Fulci não fornece elucidações e muito menos lógica e razão para a maior parte de sua visão. Mas quem disse que precisa? Ser incoerente deu o teor ficcional e fantasioso essencial para uma obra que preza pelo inimaginável, pelo grotesco, pelo bizarro. Fulci arranca tripas, rasga pescoços (numa clara referência a Suspíria), fura e arranca olhos, explode cabeças, e na cena mais sensacional de todas, solta tarântulas para devorar o banquete estirado ao chão.

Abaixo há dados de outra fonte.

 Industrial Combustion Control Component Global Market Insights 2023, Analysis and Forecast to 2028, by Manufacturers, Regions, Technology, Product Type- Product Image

Dono um dom iniguálável para criar tensão, desconforto a ponto de fazer virar o rosto, Lucio Fulci mistura eficientemente a atmosfera macabra de um horror sobrenatural e de um horror grotesco e nojento que acompanha a arrepiante trilha sonora de Fabio Frizzi. Fulci nesse aspecto foi um autor a frente de seu tempo. Ousadamente ele filma sem medo de ser queixado, proporcionando imagens de alto teor sanguinário. É de nos deixar fascinado a liberdade com que Fulci trabalha seu estilo, sem medo algum de parecer insano ou trash demais, num filme onde a criatividade não tem limites. Porque cinema, meu caro, é isso. E é gracioso vê-lo sendo usado sem restrições para coisas impensáveis assim como para as mais bizarras já vistas por olho humano. Deste modo, Fulci já alcançou milhares de fãs pelo mundo e eu sou o mais novo deles! Apaixonei.
http://cineindiscreto.wordpress.com/2012/04/13/terror-nas-trevas-lucio-fulci-19821/
Concordo plenamente, ótimo comentário!! Esse filme é 'whaterfuckermente" foda!!
Eu por exemplo prefiro o estilo do Dario Argento, embora goste também do Fulci (meu favorito dos que assisti dele continua sendo O Segredo do Bosque dos Sonhos).
Também prefiro o Argento. Argento é o rei do terror italiano! Mas Fulci também tem seus méritos e merece reconhecimento pela sua ousadia e coragem de fazer cinema por convicção e amor.